■ What is required
Set down exactly the lines in the records below that run from the line with "Stone Hill Winery" to the line with "First Contentful Paint (FCP) Scores", inclusive, and nothing more.

■ Records
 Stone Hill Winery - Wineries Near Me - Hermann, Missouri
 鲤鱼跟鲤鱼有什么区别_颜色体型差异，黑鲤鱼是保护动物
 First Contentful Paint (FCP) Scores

---

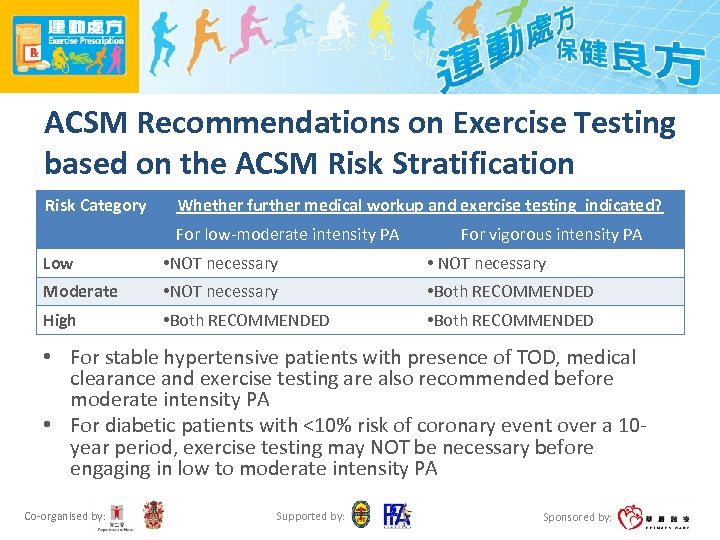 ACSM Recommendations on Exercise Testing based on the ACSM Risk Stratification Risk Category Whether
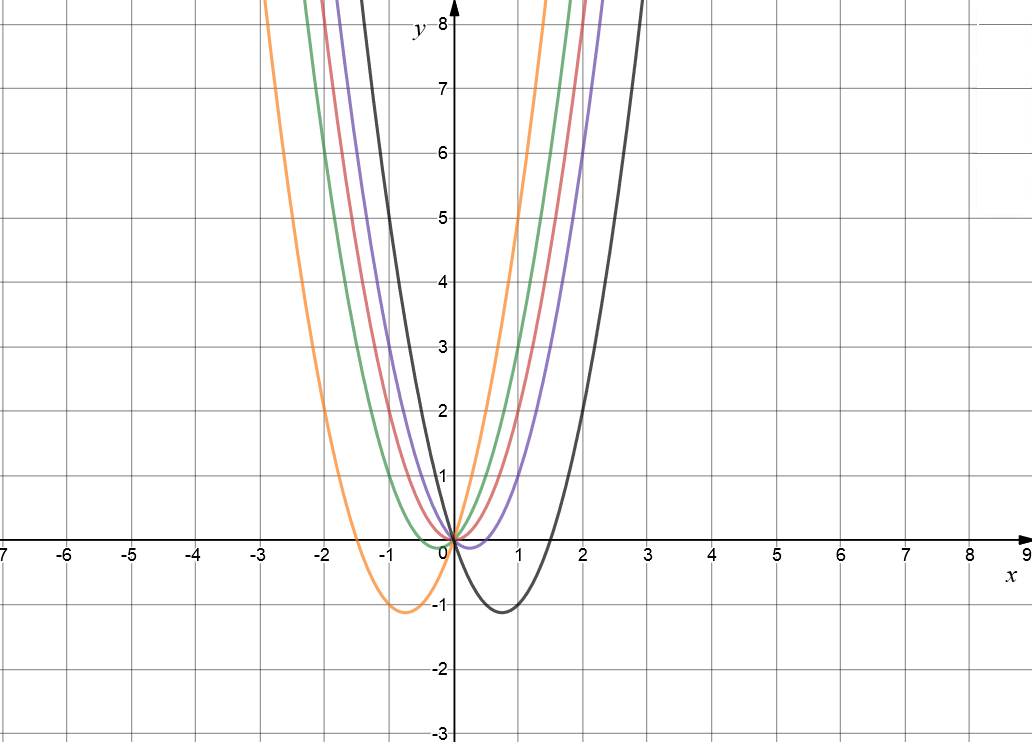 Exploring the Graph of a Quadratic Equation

...

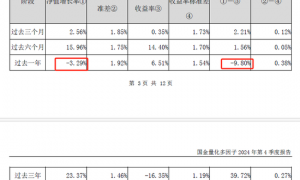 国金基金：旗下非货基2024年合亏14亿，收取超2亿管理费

■ Output for this exercise
 Stone Hill Winery - Wineries Near Me - Hermann, Missouri
 鲤鱼跟鲤鱼有什么区别_颜色体型差异，黑鲤鱼是保护动物
 First Contentful Paint (FCP) Scores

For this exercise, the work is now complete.